Start/finish: South Landing car park
Length type: Medium
Length miles (kilometres): 1 (2)
OS Explorer map: 301
Car Parking: South Landing
Toilets: Flamborough, North Landing.
The bird feeding area near the picnic/parking site is designed to cater for the area's resident winter birds and is regularly stocked with food.
Cross the bridge and follow the track between the woodland and meadow, a good place for watching butterflies as the 'edges' between different habitats are often the best for wildlife.
At the cliff top, there is a magnificent view over Bridlington Bay. How far can you see along the coast?
Many years ago from the early 14th to later 16th Century, you'd be looking down at the port of Flamborough, a port of some significance. There was a wooden pier mentioned in 1400 when Robert Constable left £40 for its maintenance but the last mention of it was in 1569. Its most famous visitor was in August 1561 when two ships anchored close to the pier. They flew two flags; one was blue with the Arms of France and the other silver white. On board was Mary Stuart sailing from France to claim the crown of Scotland.
In later years many coal carrying ships unloaded at South Landing to avoid paying the port tax at Bridlington.
Flamborough fishermen had boats at North and South landing and depending on the tides and winds, would sail from the more sheltered one. Both landings had a lifeboat, and the first one to South Landing came in 1871. The various boats saved over 108 lives before it closed in 1938. The original building still exists but at low tide, can you imagine how difficult it must have been to launch it? Thankfully launching the new boat is a little easier. Seaplanes were also launched from here during the First World War and the concrete base can still be seen.

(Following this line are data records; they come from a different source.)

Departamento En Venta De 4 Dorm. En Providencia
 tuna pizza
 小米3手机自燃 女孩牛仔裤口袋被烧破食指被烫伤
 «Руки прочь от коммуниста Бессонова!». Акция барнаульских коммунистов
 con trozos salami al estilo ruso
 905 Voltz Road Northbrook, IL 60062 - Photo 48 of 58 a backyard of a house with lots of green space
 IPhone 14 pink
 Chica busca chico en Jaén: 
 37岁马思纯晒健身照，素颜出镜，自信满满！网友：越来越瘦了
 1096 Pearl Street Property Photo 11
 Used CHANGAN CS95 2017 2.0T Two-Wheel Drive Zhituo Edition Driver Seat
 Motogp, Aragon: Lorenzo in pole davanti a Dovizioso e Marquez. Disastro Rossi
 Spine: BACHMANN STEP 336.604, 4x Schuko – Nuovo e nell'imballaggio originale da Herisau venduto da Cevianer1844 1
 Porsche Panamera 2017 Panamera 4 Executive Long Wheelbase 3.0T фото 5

Like many places round the headland, South Landing has had an interesting and varied past. The return to the car park is along a winding track past what used to be the 'Timoneer Hotel'. It was once Cliff House Farm, built in 1865 by the Duke of Norfolk for a son who died before it was completed. What does Timoneer mean?
To the right of the entrance is a whale 's jawbone, one of a pair that once formed an arch to the garden and a reminder that large whales are still spotted off this coast. In fact in February 1992, a 70 foot Fin Whale was washed up on the beach at nearby Sewerby. All large whales are uncommon but it's quite common to see porpoises, a type of small whale, and seals around the headland.
It is interesting to note that under Anglo-Saxon law, any place where a whale was washed ashore entitled that place to be called a port. The port of Sewerby?